CHAPTER II. A FRESH START.
CHAPTER III. 1867 - 1868. ALONE.
CHAPTER IV. 1868-1869. RECONSTRUCTION.
CHAPTER V. 1870. UNDER WAY.
CHAPTER VI. FRESH DIFFICULTIES - NEGRO TRAITS -ABDICATION.
CHAPTER VII. 1871, 1872, AND 1873. ABSENTEES - A NEW MASTER - WHITE LABOURERS - 'MASSA' - 'LITTLE MISSUS' - NORTHERN IDEAS - CHURCH WORK - GOOD-BYE.
CHAPTER VIII. 1877, 1878, 1879. OVER THE WATER.
ADDENDA.
CHAPTER I. CHAOS.
THE year after the war between the North and the South, I went to the South with my father to look after our property in Georgia and see what could be done with it.
The whole country had of course undergone a complete revolution. The changes that a four years' war must bring about in any country would alone have been enough to give a different aspect to everything; but at the South, besides the changes brought about by the war, our slaves had been freed; the white population was conquered, ruined, and disheartened, unable for the moment to see anything but ruin before as well as behind, too wedded to the fancied prosperity of the old system to believe in any possible success under the new. And even had the people desired to begin at once to rebuild their fortunes, it would have been in most cases impossible, for in many families the young men had perished in the war, and the old men, if not too old for the labour and effort it required to set the machinery of peace going again, were beggared, and had not even money enough to buy food for themselves and their families, let alone their negroes, to whom they now had to pay wages as well as feed them.

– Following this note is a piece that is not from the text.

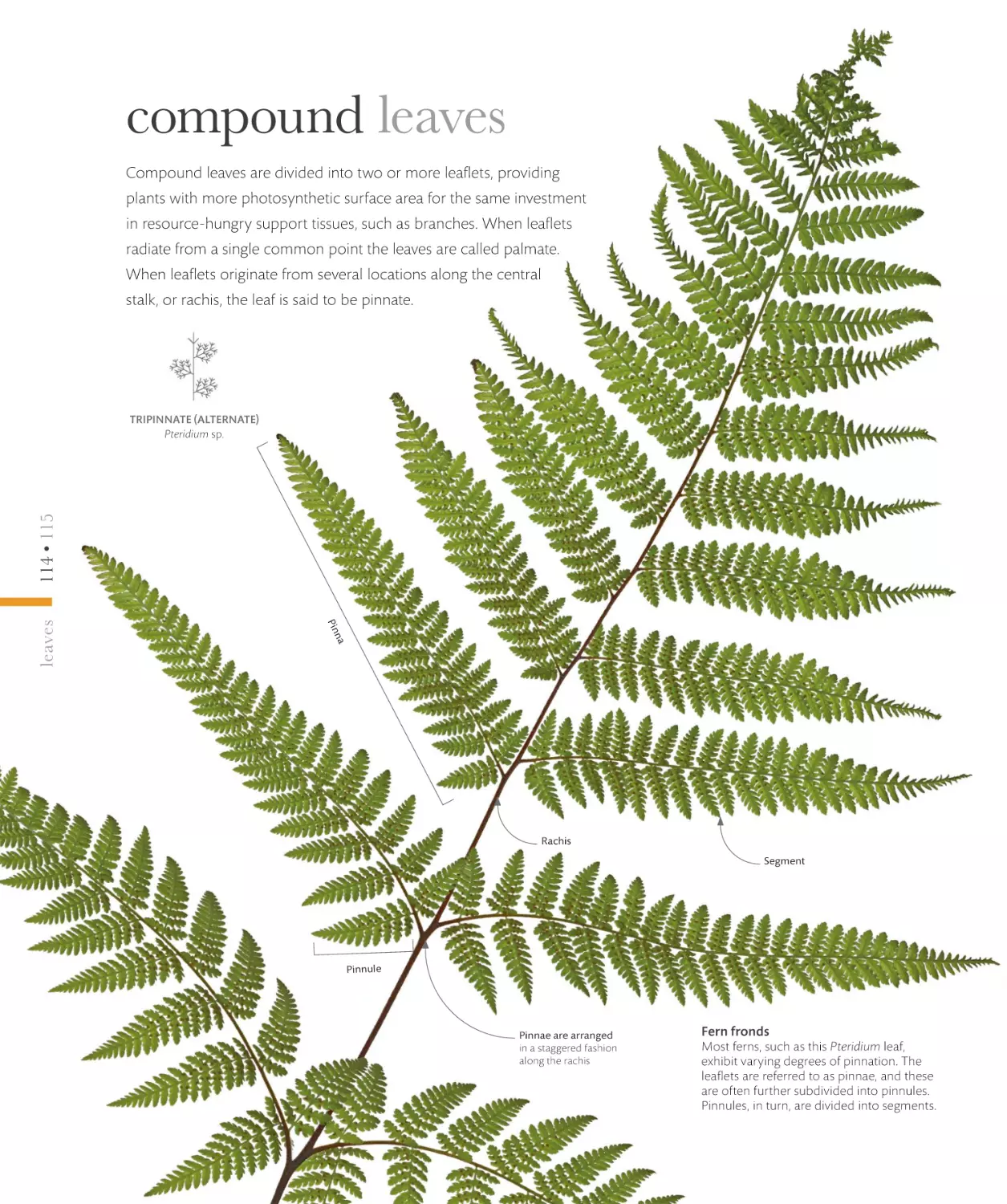 compound leaves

Besides this, the South was still treated as a conquered country. The white people were disfranchised, the local government in the hands of either military men or Northern adventurers, the latter of whom, with no desire to promote either the good of the country or people, but only to advance their own private ends, encouraged the negroes in all their foolish and extravagant ideas of freedom, set them against their old masters, filled their minds with false hopes, and pandered to their worst passions, in order to secure for themselves some political office which they hoped to obtain through the negro vote.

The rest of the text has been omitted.